Его охотно приглашали в ток-шоу не только за импозантную внешность, но и за непринужденную манеру доступно объяснять непростые душевные проблемы. Однако сегодня он вел себя загадочно.
— Я должен срочно увидеть дочь!
Оставшийся без рецепта юноша инстинктивно почувствовал, что с человеком не все в порядке, и отошел на пару шагов. Мария тоже была в недоумении, но сохраняла натренированную улыбку.
— Простите, но я, к сожалению, не понимаю, о чем вы говорите, доктор Ларенц. — Она нервно дотронулась до левой брови. Обычно там был пирсинг — серебряная палочка, которую она теребила, когда волновалась. Но ее начальник, доктор Грольке, был человеком консервативным и просил ее на работе серьгу вынимать. — Разве Жозефина должна была сегодня прийти на прием?

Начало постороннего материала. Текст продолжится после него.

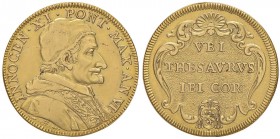 Innocenzo XI (1676-1689) Quadrupla A. VI – Munt. 7 AU (g 13,23) RRRR Tutte le quadruple di Innocenzo XI sono da considerarsi di grande rarità ed in pa...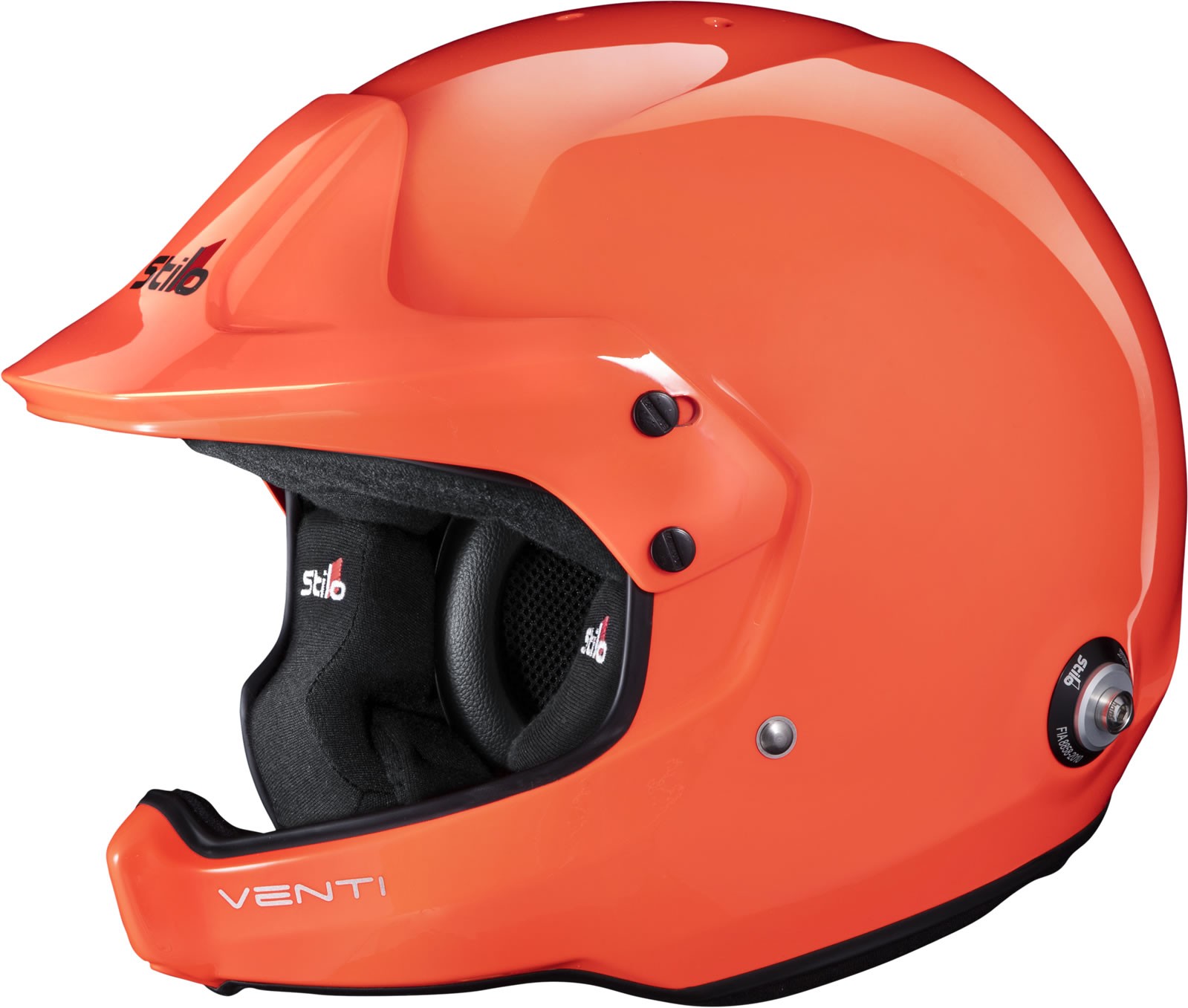 CASCO WRC TROPHY OFFSHORE SNELL SA2020 FIA8859-15 (SIN CLIP HANS) NARANJA FLUOR/INTERIOR NEGRO 63 - Imagen 2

Ларенц раскрыл рот, готовясь выпалить ответ, но вдруг осекся. Разумеется, должна была. Изабель договорилась по телефону. Он привез Жози. Как всегда.

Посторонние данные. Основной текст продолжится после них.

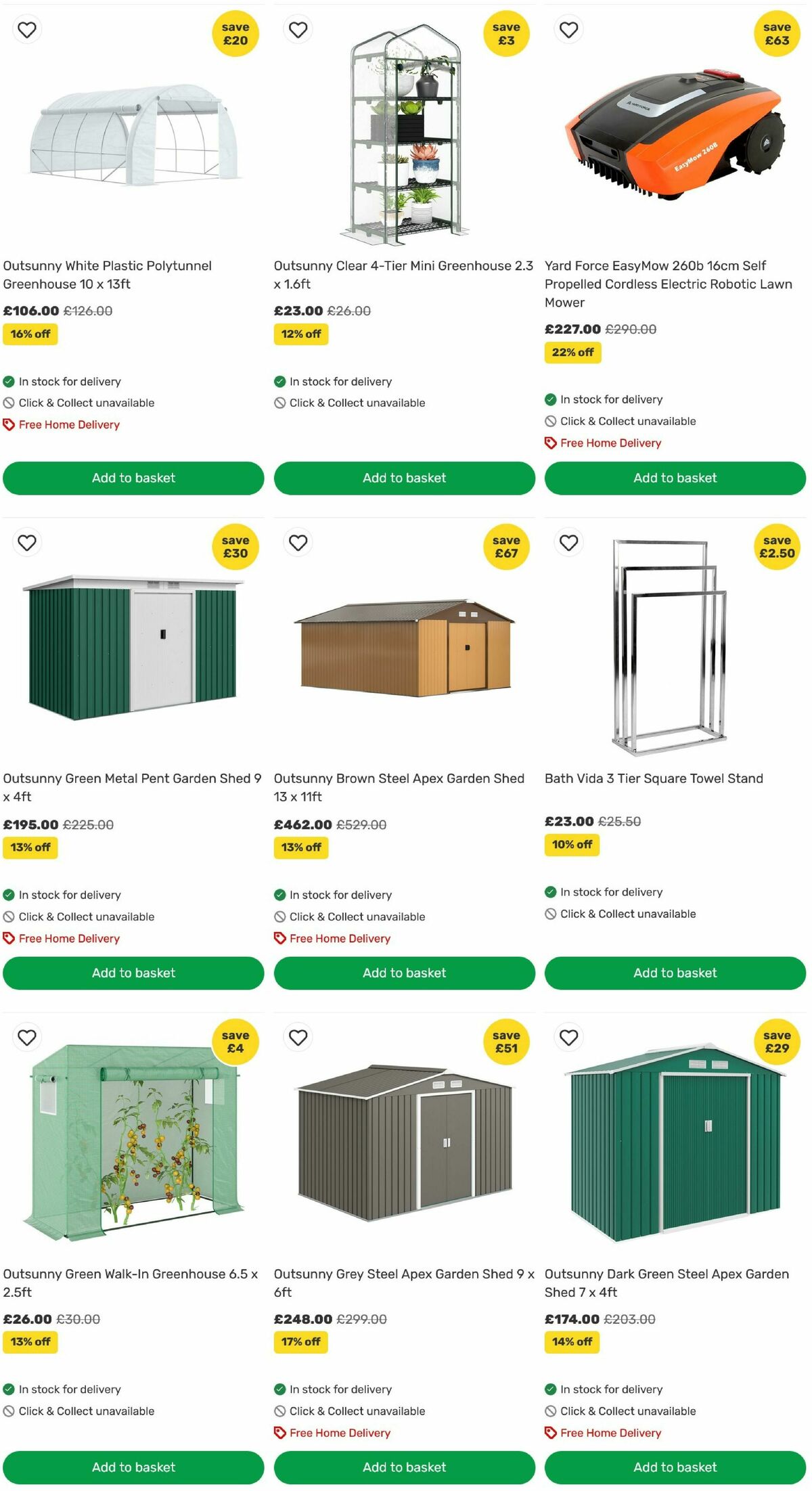 Homebase Offers from 3 July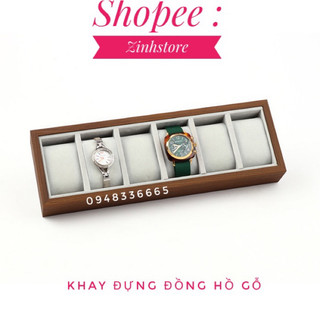 Khay đựng đồng hồ gỗ cao cấp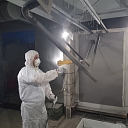 Metal powder painting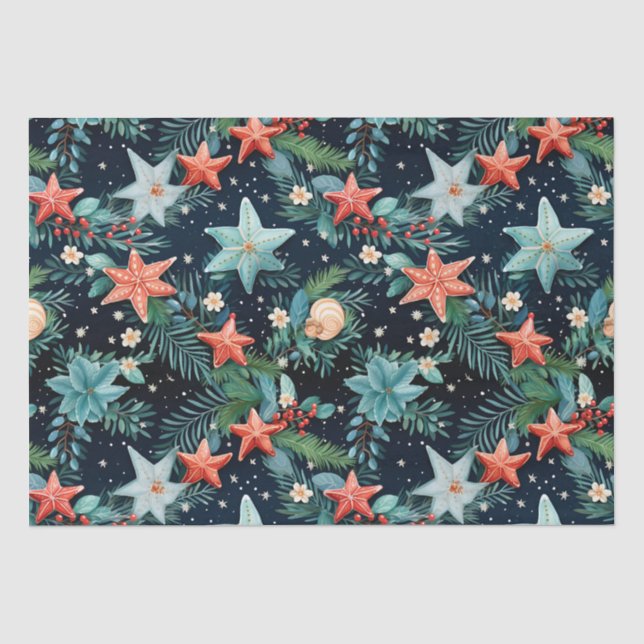 Weihnachtssternenfisch-Tissue Paper Seidenpapier (Vorderseite)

— А кто такой аллерголог, папа? — спросила девочка в машине. — Тот, кто делает погоду?
— Нет, малышка. Погоду предсказывает метеоролог. — Он смотрел на нее в зеркало заднего вида, жалея, что не может прямо сейчас погладить ее светлые волосы. Она казалась такой хрупкой! Ангел, нарисованный на японской шелковой бумаге. — Аллерголог занимается людьми, которым нельзя вступать в контакт с определенными веществами, иначе они заболеют.
— Такими людьми, как я?
— Наверное, — ответил он, а сам подумал: «Надеюсь».

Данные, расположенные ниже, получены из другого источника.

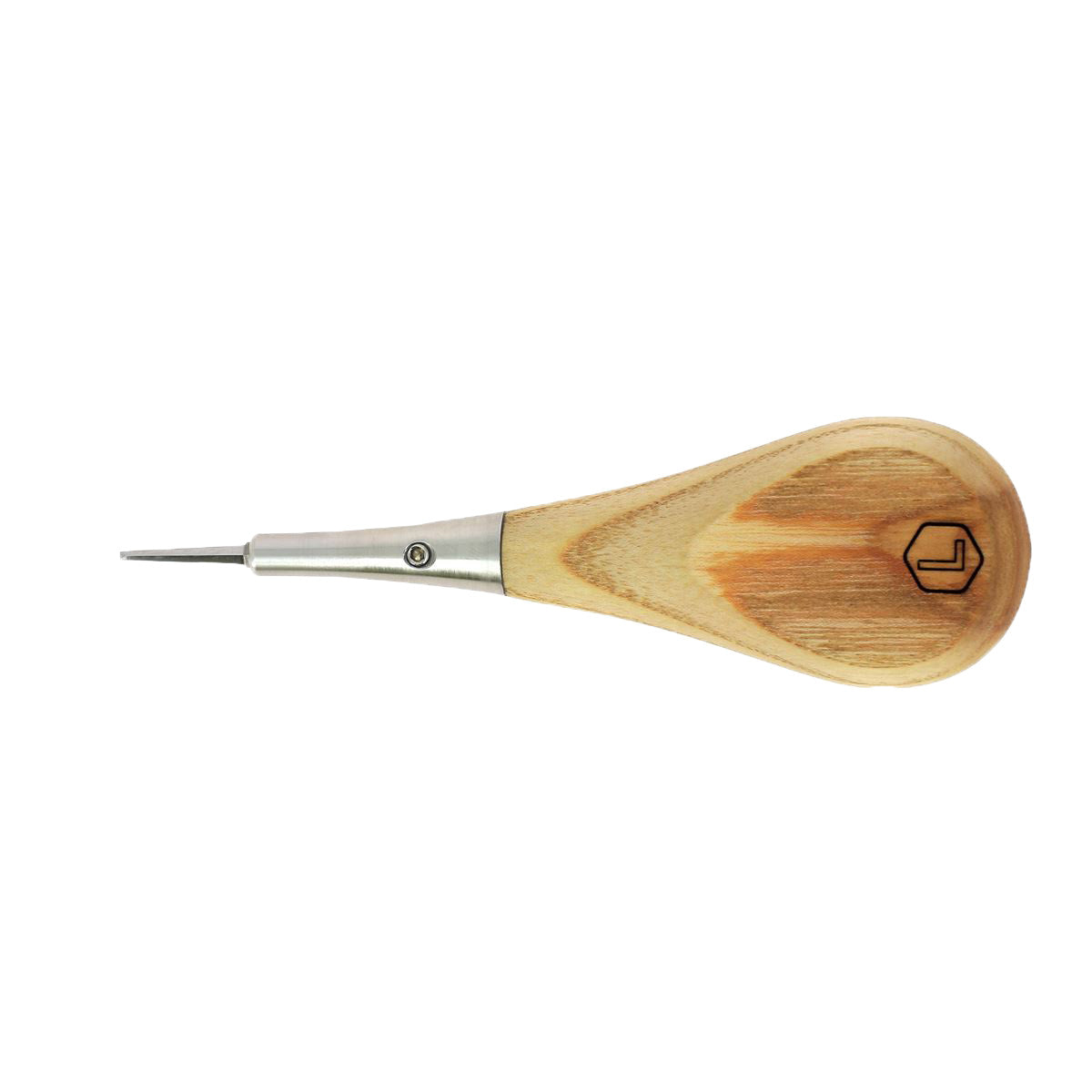 Alêne aux pinces maroquinerie 2mm - LEGACY - Manche en frêne olivier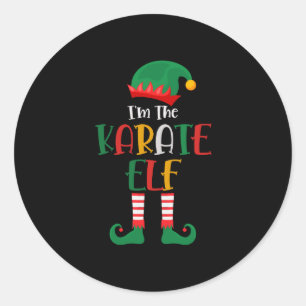 Adesivo Im O Karate Elf Correspondendo Ao Natal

Это был бы хоть какой-то диагноз, хоть какая-то ясность. Необъяснимые симптомы ее болезни подчинили себе всю их жизнь. Жози уже полгода не ходила в школу. Судороги у нее начинались так непредсказуемо, что ее нельзя было отдавать ни в какое учебное заведение. Изабель работала теперь полдня, занимаясь домашним обучением дочери. А Виктор совсем закрыл врачебную практику на Фридрихштрассе, чтобы все время посвятить дочке. Точнее, ее докторам. Однако марафонский бег по врачам не принес никаких результатов, все специалисты были в полной растерянности. Они не могли найти никакого объяснения для ее периодических судорог с температурой, частых инфекционных заболеваний и носовых кровотечений по ночам. Иногда симптомы становились слабее, порой почти пропадали, тогда в семье поселялась надежда. Но вскоре все начиналось заново, причем в более сильных проявлениях. До сих пор все терапевты, гематологи, неврологи могли лишь сказать, что у Жози нет ни рака, ни СПИДа, ни гепатита, ни прочих им известных заболеваний. Ей даже делали анализ на малярию. Результат оказался отрицательным.
— Доктор Ларенц?
Слова Марии мгновенно вернули его к действительности, и он понял, что все это время смотрел на медсестру с открытым ртом.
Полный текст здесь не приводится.